## Exercise aim
Take the lines from the beginning of the material through the line containing "45 Greenwell Point" and retype them exactly, leaving the pictures out.

↓

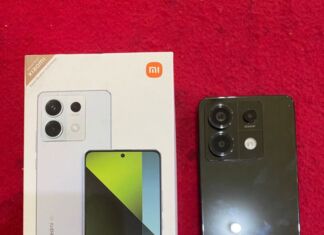 Tukang Parkir ‘Diparkir’ di Polsek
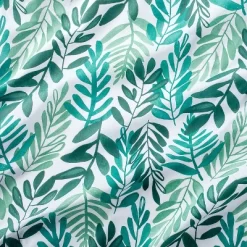 Crib Fitted Sheet - Cloud Island™ Green 9 Crib Fitted Sheet - Cloud Island™ Green -Cloud Island Shop GUEST 208cb5a9 bdb0 4eae 9410 65e3d5994fbb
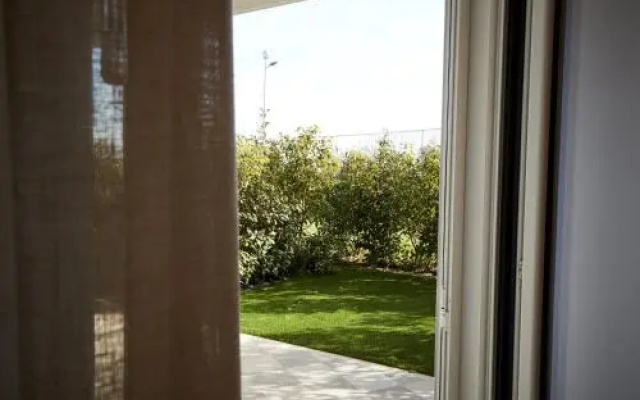 Orizzonte MHotel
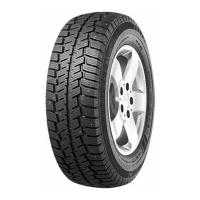 195/70/15 104/102R TORERO MPS500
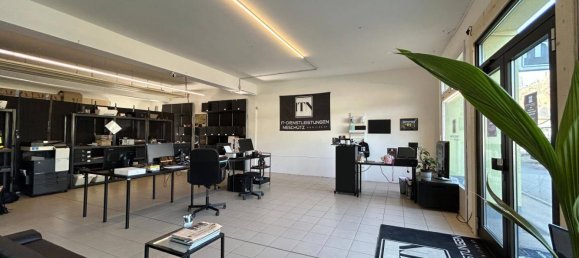 Propriété commerciale à Strassburg, Austria 210m² No. 145223 9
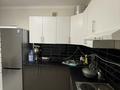 1-комнатная квартира · 40 м² · 8/8 этаж, Бухар жырау 36 за 28 млн ₸ в Астане, Есильский р-н — фото 3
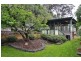 17 Wattle Ave, Belgrave VIC 3160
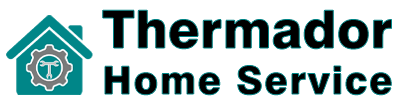 ThermadorHomeService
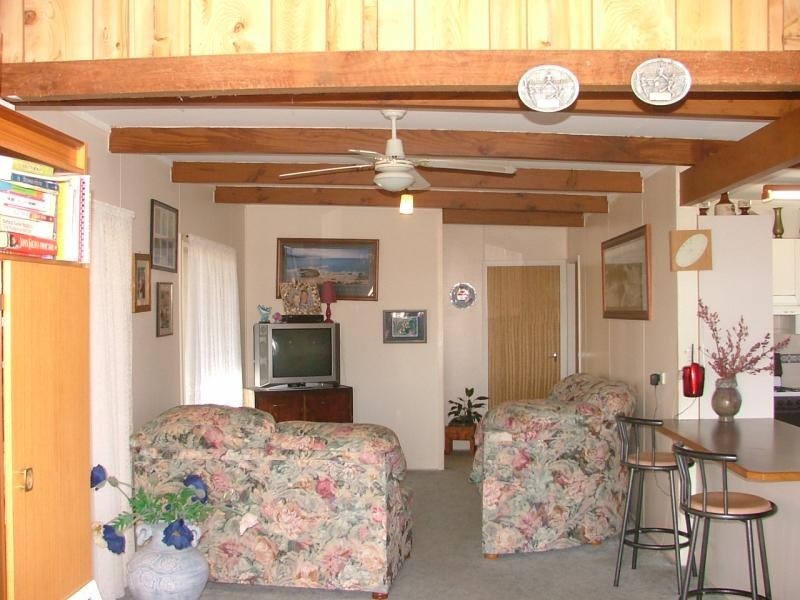 45 Greenwell Point Road GREENWELL POINT 2540, Greenwell Point NSW 2540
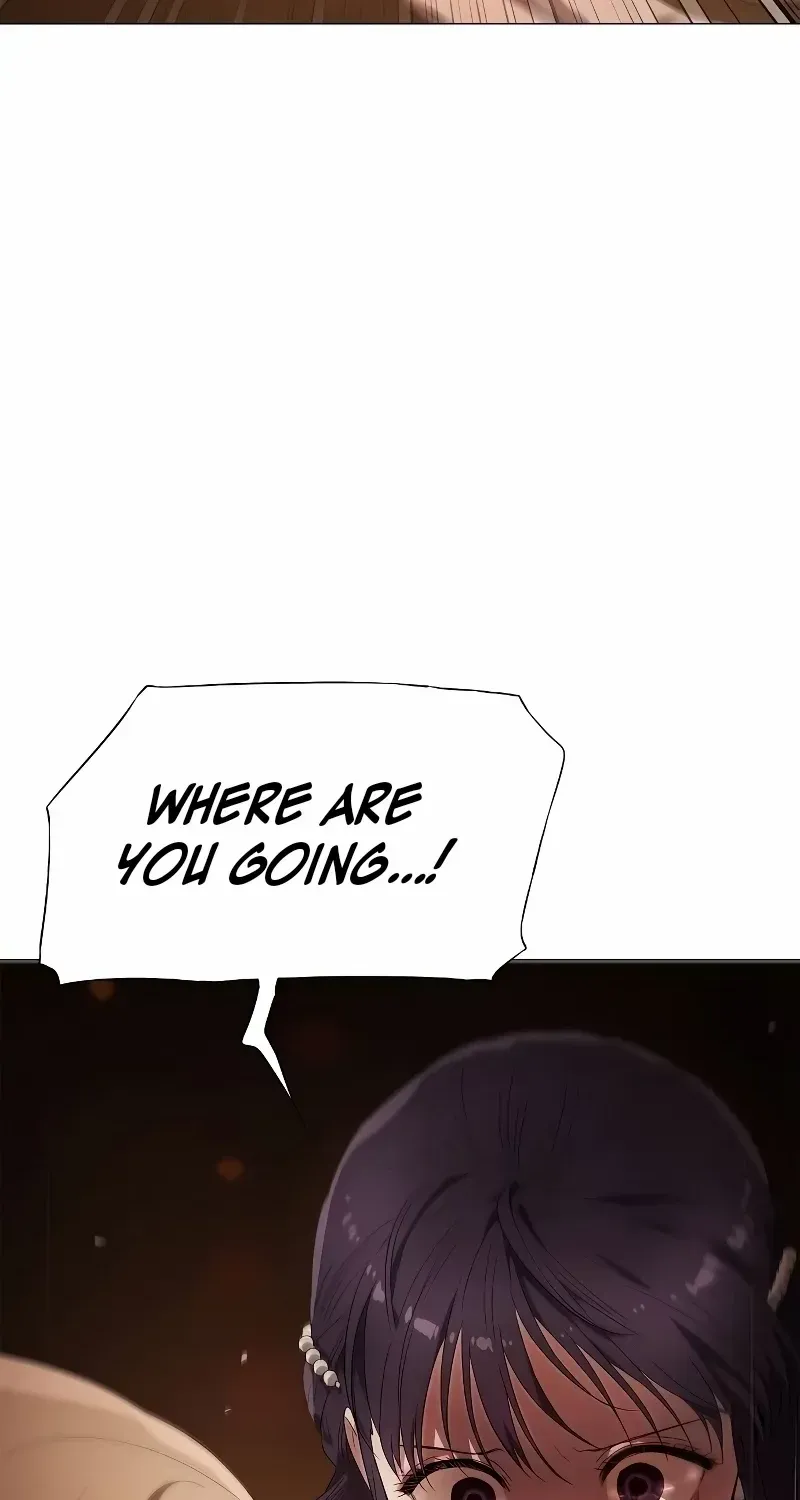 I’m stuck in a crazy drama Zinmanga X Chapter 14 Page 65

↑

## Task solution
 Tukang Parkir ‘Diparkir’ di Polsek
 Crib Fitted Sheet - Cloud Island™ Green 9 Crib Fitted Sheet - Cloud Island™ Green -Cloud Island Shop GUEST 208cb5a9 bdb0 4eae 9410 65e3d5994fbb
 Orizzonte MHotel
 195/70/15 104/102R TORERO MPS500
 Propriété commerciale à Strassburg, Austria 210m² No. 145223 9
 1-комнатная квартира · 40 м² · 8/8 этаж, Бухар жырау 36 за 28 млн ₸ в Астане, Есильский р-н — фото 3
 17 Wattle Ave, Belgrave VIC 3160
 ThermadorHomeService
 45 Greenwell Point Road GREENWELL POINT 2540, Greenwell Point NSW 2540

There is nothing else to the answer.